-- ACTION ITEM --
Counting every line in the records below that holds "Photo", give the total and add nothing.

-- DATA FOR ANALYSIS --
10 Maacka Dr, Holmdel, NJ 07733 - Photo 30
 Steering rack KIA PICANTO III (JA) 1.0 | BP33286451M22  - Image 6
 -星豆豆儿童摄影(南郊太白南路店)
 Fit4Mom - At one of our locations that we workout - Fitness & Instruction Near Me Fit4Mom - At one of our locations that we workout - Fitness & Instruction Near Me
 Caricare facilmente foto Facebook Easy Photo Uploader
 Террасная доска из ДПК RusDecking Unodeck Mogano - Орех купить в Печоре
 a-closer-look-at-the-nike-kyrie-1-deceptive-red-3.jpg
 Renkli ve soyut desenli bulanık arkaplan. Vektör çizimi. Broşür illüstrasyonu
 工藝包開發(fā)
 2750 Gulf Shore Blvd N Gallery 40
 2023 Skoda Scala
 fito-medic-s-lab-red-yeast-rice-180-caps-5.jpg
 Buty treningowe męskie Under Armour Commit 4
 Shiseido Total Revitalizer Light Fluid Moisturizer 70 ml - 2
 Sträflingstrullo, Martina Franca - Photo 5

-- RESULT --
3